II. Motion to Dismiss for Failure to State a Claim.

Under Rule 8(a)(2) of the Federal Rules of Civil Procedure, a complaint must contain a "short and plain statement of the claim showing that the pleader is entitled to relief." Fed. R. Civ. P. 8(a)(2). Rule 12(b)(6) of the Federal Rules of Civil Procedure authorizes the dismissal of a complaint if it fails to state a claim upon which relief can be granted. Fed. R. Civ. P. 12(b)(6). The purpose of Rule 12(b)(6) is "to test the sufficiency of a complaint and not to resolve contests surrounding the facts, the merits of a claim, or the applicability of defenses." Presley v. City of Charlottesville , 464 F.3d 480, 483 (4th Cir. 2006). While a complaint need not include "detailed factual allegations," it must set forth "enough factual matter [taken as true] to suggest" a cognizable cause of action, "even if ... [the] actual proof of those facts is improbable and ... recovery is very remote and unlikely." Bell Atlantic Corp. v. Twombly , 550 U.S. 544, 555–56, 127 S.Ct. 1955, 167 L.Ed.2d 929 (2007) ; Ashcroft v. Iqbal , 556 U.S. 662, 678, 129 S.Ct. 1937, 173 L.Ed.2d 868 (2009). A plaintiff cannot rely on bald accusations or mere speculation. Twombly , 550 U.S. at 555, 127 S.Ct. 1955.

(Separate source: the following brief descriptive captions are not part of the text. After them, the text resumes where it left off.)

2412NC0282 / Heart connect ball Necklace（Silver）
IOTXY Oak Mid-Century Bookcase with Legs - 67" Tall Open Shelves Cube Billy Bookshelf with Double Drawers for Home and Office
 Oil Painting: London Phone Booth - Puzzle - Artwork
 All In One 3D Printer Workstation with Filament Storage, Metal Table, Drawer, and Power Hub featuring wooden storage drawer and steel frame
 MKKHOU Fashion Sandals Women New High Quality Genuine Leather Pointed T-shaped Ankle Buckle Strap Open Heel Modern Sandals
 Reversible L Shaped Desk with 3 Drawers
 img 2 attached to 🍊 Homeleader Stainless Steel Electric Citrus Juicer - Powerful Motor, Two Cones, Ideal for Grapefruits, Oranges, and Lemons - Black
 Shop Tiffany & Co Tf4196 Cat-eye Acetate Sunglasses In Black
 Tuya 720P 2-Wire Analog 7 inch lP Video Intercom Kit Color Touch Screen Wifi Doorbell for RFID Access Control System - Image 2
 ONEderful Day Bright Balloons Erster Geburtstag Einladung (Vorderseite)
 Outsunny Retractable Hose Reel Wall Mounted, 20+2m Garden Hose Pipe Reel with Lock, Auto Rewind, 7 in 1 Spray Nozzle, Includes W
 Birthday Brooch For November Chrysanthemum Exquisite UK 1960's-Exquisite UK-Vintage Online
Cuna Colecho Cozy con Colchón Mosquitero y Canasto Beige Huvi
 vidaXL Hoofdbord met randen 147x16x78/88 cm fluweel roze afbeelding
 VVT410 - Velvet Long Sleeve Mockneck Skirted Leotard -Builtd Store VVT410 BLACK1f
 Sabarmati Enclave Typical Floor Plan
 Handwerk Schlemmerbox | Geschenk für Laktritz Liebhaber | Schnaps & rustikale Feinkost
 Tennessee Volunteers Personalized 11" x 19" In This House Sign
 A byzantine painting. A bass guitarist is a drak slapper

In reviewing a Rule 12(b)(6) motion, a court " ‘must accept as true all of the factual allegations contained in the complaint’ " and must " ‘draw all reasonable inferences [from those facts] in favor of the plaintiff.’ " E.I. du Pont de Nemours & Co. v. Kolon Indus., Inc. , 637 F.3d 435, 440 (4th Cir. 2011) (citations omitted); Hall v. DIRECTV, LLC , 846 F.3d 757, 765 (4th Cir. 2017). A court, however, is not required to accept legal conclusions drawn from those facts. Iqbal , 556 U.S. at 678, 129 S.Ct. 1937. "A court decides whether [the pleading] standard is met by separating the legal conclusions from the factual allegations, assuming the truth of only the factual allegations, and then determining whether those allegations allow the court to reasonably infer" that the plaintiff is entitled to the legal remedy sought. A Society Without A Name v. Virginia , 655 F.3d 342, 346 (4th Cir. 2011), cert. denied , 566 U.S. 937, 132 S.Ct. 1960, 182 L.Ed.2d 772 (2012).

ANALYSIS

MediGrow generally alleges that the Commission's medical cannabis licensing application process does not adequately protect the interest of minority businesses. In its facial challenge to the regulations governing the application process, MediGrow alleges that the Commission made a "sham" effort to promote diversity in the medical cannabis industry, while nevertheless continuing to favor non-minority applicants. (See, e.g. , ECF No. 1 ¶ 109.) MediGrow brings claims under federal and state law. Defendants first move to dismiss the federal claims on sovereign immunity and standing grounds, then urge this Court to abstain from exercising supplemental jurisdiction over the state claims. Defendants’ motion is GRANTED. Plaintiff's federal claims asserted in Counts I and II must be dismissed based on Eleventh Amendment sovereign immunity. Additionally, the Complaint does not allege a plausible basis for MediGrow's standing to bring those claims. Count III, the declaratory judgment claim, fails because the Complaint does not establish the existence of an "actual controversy" that warrants jurisdiction in federal court. Having dismissed all of the federal claims, this Court declines to exercise supplemental jurisdiction over the remaining state law claims both pursuant to the discretion afforded by 28 U.S.C. § 1367(c) and as a result of federal abstention principles.

I. Counts I and II

In Count I, MediGrow brings a claim under 42 U.S.C. § 1983, alleging that Defendants violated the Equal Protection Clause of the Fourteenth Amendment by administering a discriminatory application process. In Count II, MediGrow brings essentially the same claim under 42 U.S.C. § 1981, alleging racial discrimination in the process. Defendants move to dismiss these claims, arguing that they are entitled to Eleventh Amendment sovereign immunity and that Plaintiff lacks standing. Those arguments are addressed in turn.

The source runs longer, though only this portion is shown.